Prof. Dr. Mario Rüdiger. Foto: Thomas Abrecht, UKD

Prof. Dr. Mario Rüdiger. Foto: Thomas Abrecht, UKD

Dresdner Neonatalogen entwickeln aus Nabelschnur-Stammzellen neues Therapeutikum für Frühgeborene – erste Sicherheitsstudie in Kanada gestartet

Dresden, 30. Juli 2019. Um lungenkranken Frühchen beim Überleben zu helfen, haben Dresdner Wissenschaftler innovative Stammzell-Medikamente entwickelt. Dabei handelt es sich um Präparate aus noch unspezialisierte Basiszellen, die sie aus Nabelschnüren gewonnen haben. Kanadische Kollegen analyisieren das neue Mittel nun in einer ersten Kontrollstudie.

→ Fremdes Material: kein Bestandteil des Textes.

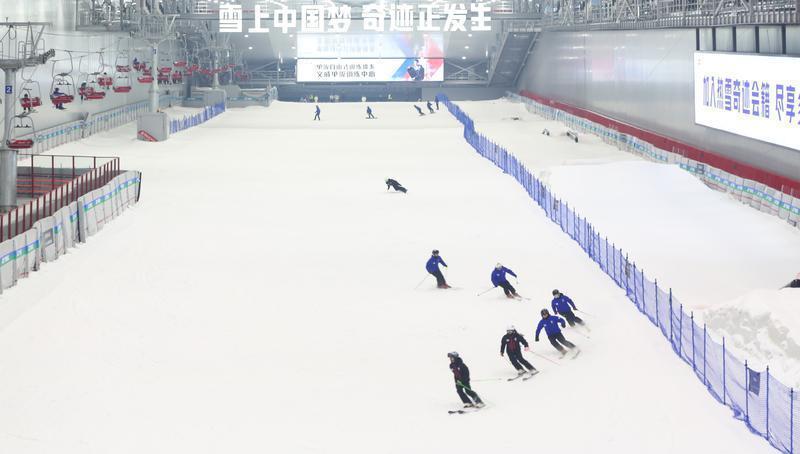 位于西安浐灞国际港的热雪奇迹室内滑雪场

Entwickler sehen „hohes therapeutisches Potential“

Die Medizin aus Dresden soll die Bindegewebs-Zellen von frühgeborenen Babys dabei unterstützen, Lungen-Entwicklungsstörungen zu reparieren, erklärten die Neonatalogen vom Universitätsklinikum Dresden. Die Stammzellen für das Therapeutikum gewinnen die Dresdner Neugeborenen-Mediziner durch ein neuartiges Verfahren, bei dem sie Nabelschnüre von Neugeborenen verwerten. „Im Nabelschnur-Gewebe gibt es sehr viele und sehr junge Zellen mit einem hohen therapeutischen Potential“, betonte Prof. Mario Rüdiger, der am Dresdner Uniklinikum die Neonatologie leitet, also die Abteilung für Frühgeborene.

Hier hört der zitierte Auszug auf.